● TASK DIRECTIONS:
A line below contains "Takva Ehli Bir", and a later one contains "2. Suça Giden". Repeat both, with every line between them, exactly.

● DATA FOR REVIEW:
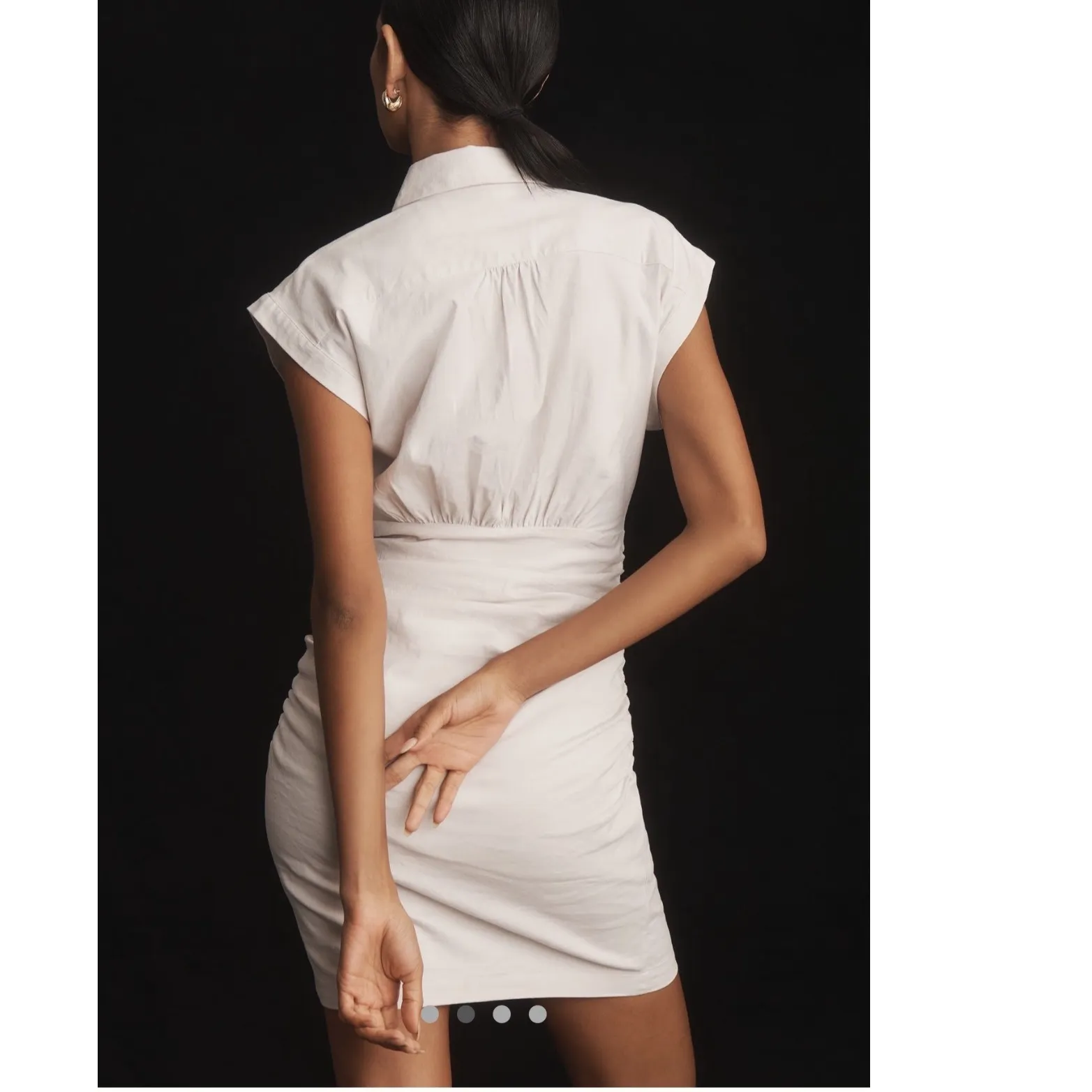 Anthropologie Cap sleeve collared Linen Blend Mini Dress White Size 1X new - Image 3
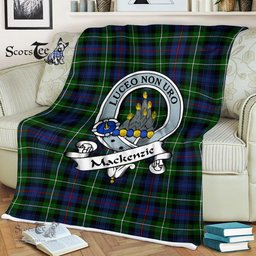 Scotstee Shop - Scotstee Shop Tartan Plaid Fleece Blankets MacKenzie Modern Clan Badge Tartan Fleece Blanket Scottish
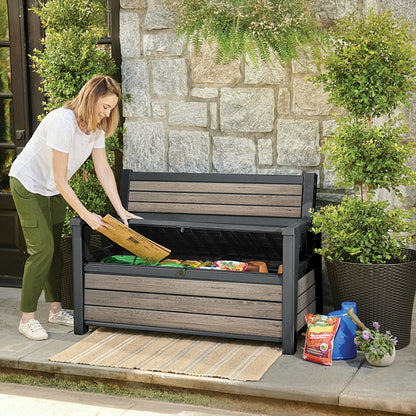 Decocoat műanyag kerti pad/tároló 227 L kőris
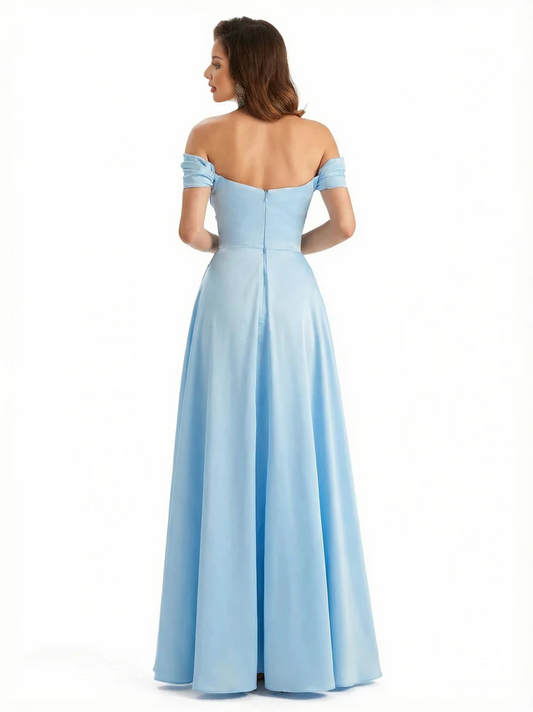 Sexy Off Shoulder Ruched Satin Ruffle A-Line Silky Satin Long Formal Dresses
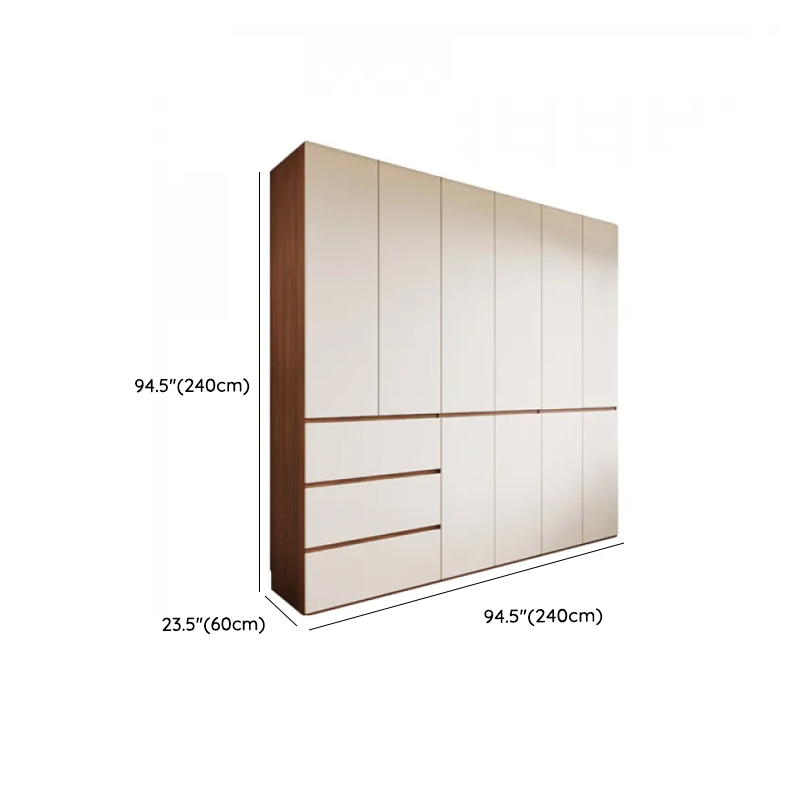 White Minimalist Manufactured Wood Independent Wardrobe Closet with Soft Close Drawer, Soft Close Door, and Interior Shelves - image 20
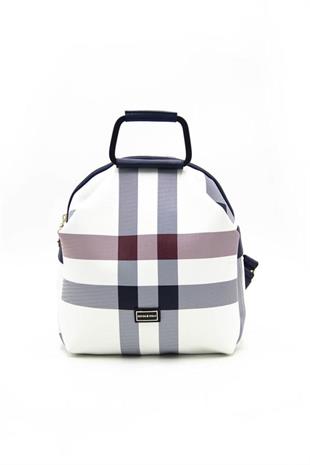 Silver & Polo SP771 Kadın Sırt Çantası Ekose Beyaz-Lacivert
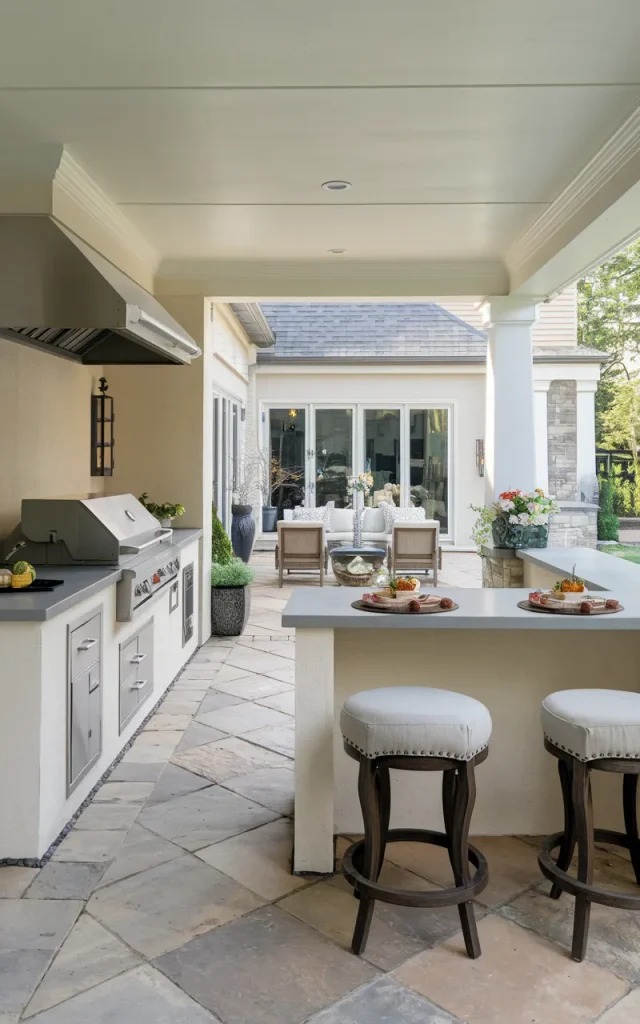 Create an L-Shaped Backyard Kitchen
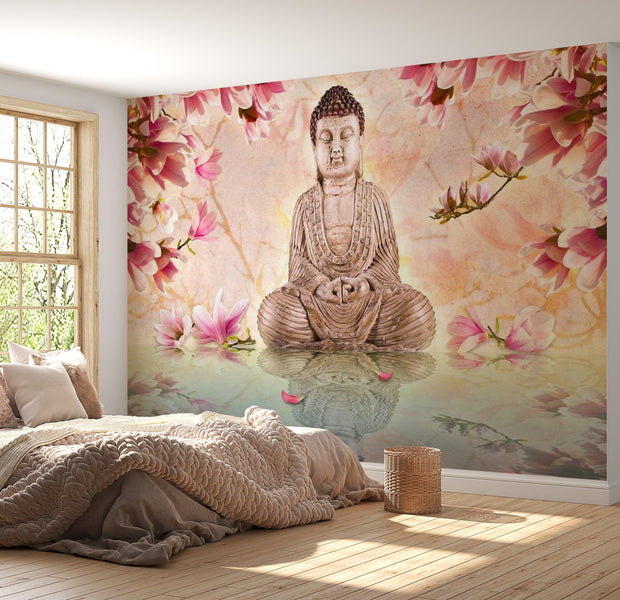 Zen Wallpaper Wall Mural - Buddha And Magnolia
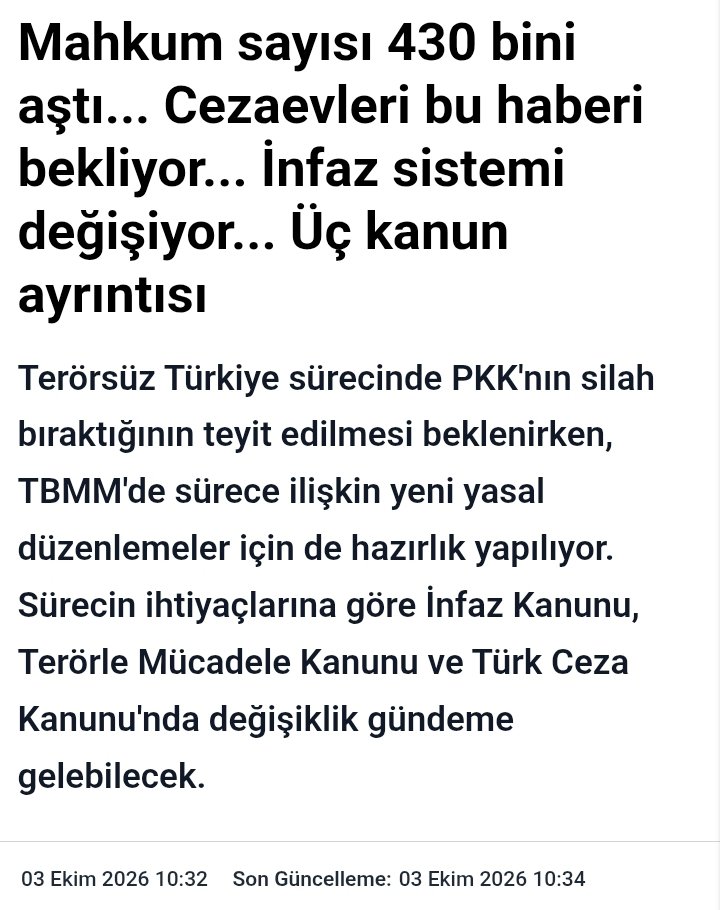 _Selcuk_Coban_'s tweet photo. YAKLAŞIK YARIM MİLYON KİŞİ CEZA EVLERİNDE!

Cezaevlerindeki mahkum sayısı 430 bini aşmış durumda. Kamuoyunda ise yine yeni bir "İnfaz Düzenlemesi" ve örtülü af tartışması yürütülüyor.
​Ancak sorulması gereken asıl soru şudur: İnfaz sistemini sürekli değiştirip cezaları indirmek topluma adalet getirir mi, yoksa suçluya cesaret mazluma mağduriyet mi verir?
​
Beşeri hukuk sistemleri caydırıcılığını yitirdikçe çareyi sürekli yeni "Yargı Paketleri" çıkarmakta arıyor. Oysa İslam Ceza Hukuku'nda (Ukûbât) temel gaye; suçluyu caydırmak ve mazlumun hakkını muhafaza etmektir.

​İslam nizamı, suçu toplumda yok etmek ve huzuru tesis etmek için şu 3 kademeli esası yürürlüğe koyar:

​1. Takva Ehli Bir Toplum İnşası:
Devletin asli vazifesi Allah korkusunu ve ahiret bilincini merkeze alan bireyler yetiştirmektir. Allah’tan sakınan insanların çoğunlukta olduğu bir toplumda suç oranları zaten kendiliğinden asgari seviyeye iner.
​
2. Suça Giden Yolların Kapatılması:
İslam sadece suçu cezalandırmaz, suçu doğuran sebepleri kurutur. Örneğin; mahremiyet ölçülerinin korunması ve evliliğin kolaylaştırılması gayrimeşru ilişkileri engeller; faiz ve kumarın yasaklanması, zekatın zenginden alınıp fakirlere dağıtılması hırsızlık ve dolandırıcılık zeminini yok eder.

3. Caydırıcı ve Adil Cezalar:
İslami takva bilinci verilip suça giden kapılar kapatıldıktan sonra hâlâ kamu düzenini bozan ve suça meyleden kimseler için caydırıcı cezalar kaçınılmazdır. Bu durum mağdurun hakkını korur ve suça niyetlenenlere kesin bir gözdağı verir.

​Suç ve suçlu üreten bir yapıyı düzeltmek; suçluyu koruyan infaz yasalarıyla veya sürekli af çıkarmakla mümkün değildir. Çözüm; insanı, toplumu ve devleti sahih akidemizden neşet eden İslam Nizamı ile yeniden inşa etmektir.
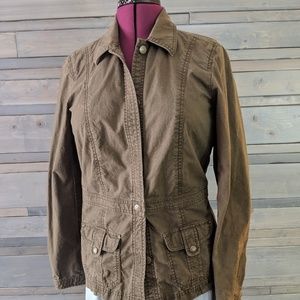 Eddie Bauer Olive Green Light Cotton Jacket Size 8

● ANSWER TO THIS EXERCISE:
​1. Takva Ehli Bir Toplum İnşası:
Devletin asli vazifesi Allah korkusunu ve ahiret bilincini merkeze alan bireyler yetiştirmektir. Allah’tan sakınan insanların çoğunlukta olduğu bir toplumda suç oranları zaten kendiliğinden asgari seviyeye iner.
​
2. Suça Giden Yolların Kapatılması:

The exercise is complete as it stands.